Director: Shoojit Sircar
Cast: Varun Dhawan and Banita Sandhu
Acting: **** 1/2
Screenplay: **** 1/2
Overall Rating: **** 1/2
For all the people curious about why the film is titled October – It is because in October a flower named ‘Night Jasmine’ (which in Bengali is called ‘Shiuli’) blooms and that is the favourite flower of the female lead, Shiuli (Banita Sandhu), in the film.

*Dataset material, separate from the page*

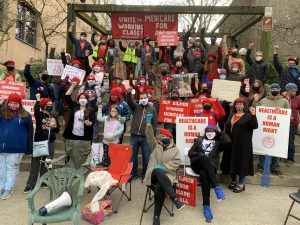 Crowd of volunteers with raised fists and Medicare for All signs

Danish Walia aka Dan (Varun Dhawan) works as a trainee at a five-star hotel in Delhi. Shiuli is his co-worker and ex-classmate. Dan is a straightforward guy who doesn’t mince his words and is infamous in the hotel for his ‘temperamental’ behaviour. He notices and feels everything deeply and spots even a minute irregularity. Due to a tragic accident, Shiuli is admitted to the ICU and surprisingly Dan finds some interest in just seeing her everyday even though they never had any kind of friendship. Dan is intrigued that her last words just before the accident were “Where is Dan?” and that leaves a great impact on him. So, he decides to visit her everyday even though everyone constantly questioned him that why he visits her because he is neither her relative nor her boyfriend.

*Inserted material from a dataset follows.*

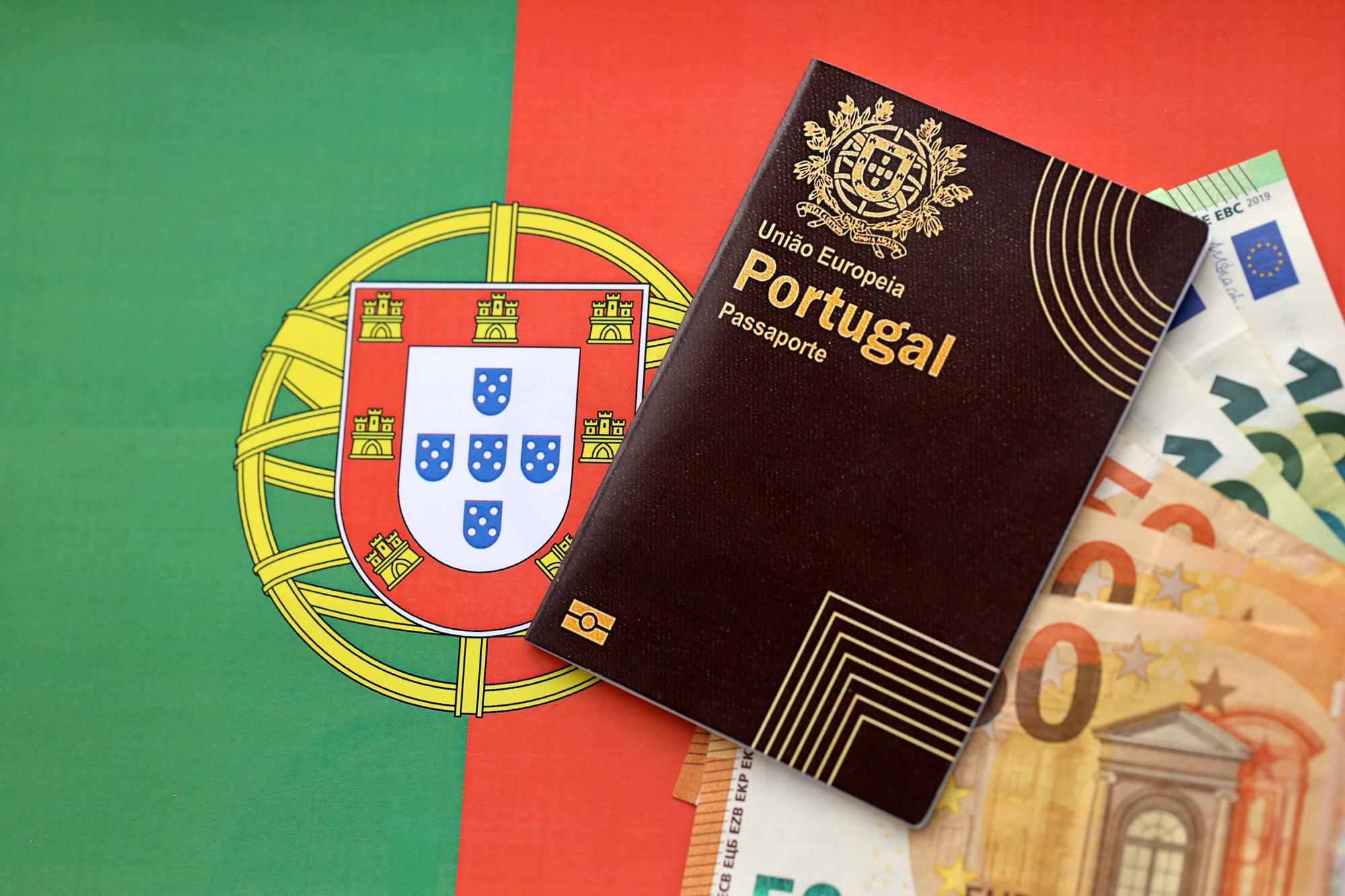 Passaporte português vermelho da União Europeia e dinheiro em fundo de bandeira em close-up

Gitanjali Rao as Shiuli’s mother, who is just keeping her hopes alive about her daughter, is a wonderful display of acting. She breathes life into her character by conveying the melancholic emotions rightly through her pain-stricken eyes. Banita Sandhu has a role to just stare dead into nothingness for most part of the film but even pulling such a role off is an exemplification of talent in itself. Varun Dhawan is undoubtedly the heart of October and acts as if he really is Dan. He makes us forget about the Hammy-Judwaa-Act and takes us back to his previous best work – Badlapur – and shows us that why he is an all-rounder. He portrays emotions as serene as the winter mornings in an effortless way.
Shoojit Sircar (Director) and Juhi Chaturvedi (Writer) have always done wonders and here too they deliver the most unusual love story, or that is to say a story about love, in a gracious way. They showcase an unusual bond between two people who barely had a conversation in the film prior the tragic day. Sircar carves a slow-paced tale about an unlikely bond between two people and instils every dialogue-less frame with things left for the audience to interpret and so this film needs an active audience. The sluggish pace acts as a benefit in conveying minute feelings between the two leads. The masterfully executed close-ups by Avik Mukhopadhyay and poised night jasmine shots, with an amazingly eye-pleasing bokeh, are a treat to watch.
If Varun Dhawan is the heart of the film, then the soul is the soul-stirring instrumental theme of October by Shantanu Moitra. The violin in the theme song is the subtle conveyor of every melancholic frame. The film is not for the ones who don’t like slow-paced tales but still it should be watched because it may make you introspect about how far you can go with a little hope for someone. The film is definitely a must-watch and will remain with you for long.